WASHINGTON (AP) — President Barack Obama will discuss the economy, lending to small businesses and financial regulation when he sits down at the White House with representatives of a dozen small and community banks.
Obama scheduled Tuesday’s session as a follow-up to a similar meeting he held last week with some of the nation’s top bankers.
At that meeting, Obama implored bankers to help keep the fragile recovery from faltering by increasing lending to small businesses and supporting a rewrite of financial regulations. Those bankers said afterward that they got Obama’s message.
On Tuesday, “the president will reiterate to attendees that we all have a stake in getting the economy back on track, from the government to the small and large financial institutions to the private sector,” White House spokeswoman Jennifer Psaki said.
Obama plans to discuss the need to increase lending to small businesses, the housing foreclosure crisis “and the importance of passing financial reform to local communities,” she said.
The House recently passed a bill that would overhaul the system of financial regulation by granting the government new powers to split up companies that threaten the economy, creating an agency to oversee consumer banking transactions and bringing transparency to shadow financial markets that have escaped federal oversight.
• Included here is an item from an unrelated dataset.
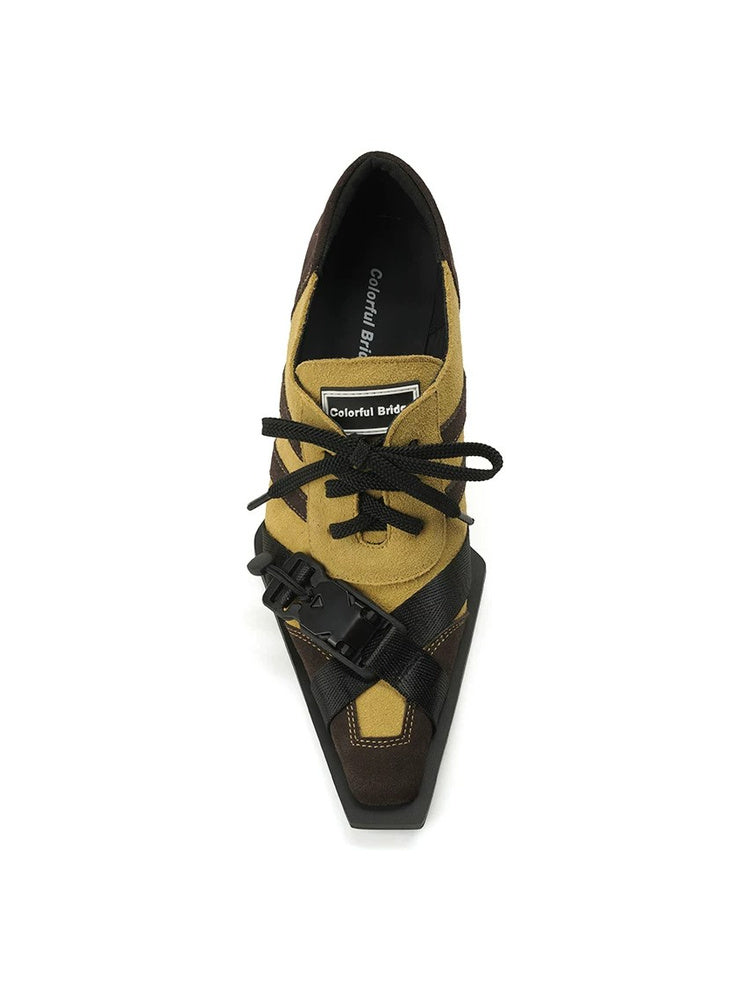 Contrast Lace-Up Block Heel Pumps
The Senate Banking Committee is working on its version of the measure.
Critics say banks are using deposits to buy securities instead of lending money. Bankers and analysts say the industry is just following the road map for managing its finances early in a recovery, when the risk of borrowers defaulting remains high.
According to the Federal Reserve, loans by the nation’s 8,000 banks fell 8 percent to $6.7 trillion in the past year, and some analysts expect them to keep falling at least through next year.
Obama sees unlocking tight credit markets as one way to tackle a national unemployment rate clinging to double digits.
November’s unemployment rate was 10 percent, down slightly from 10.2 percent in October. Obama argues that jobs will be created if small business owners — who employ the majority of U.S. workers — get the money they need to expand their operations.
Among those invited to meet with Obama in the Roosevelt Room of the White House are Deborah Chequeta Wright, chairman and CEO of Carver Federal Savings Bank of New York, N.Y.; Mark Schroeder, president of German American Bancorp of Jasper, Ind.; and James McPhee president of Kalamazoo County State Bank of Schoolcraft, Mich.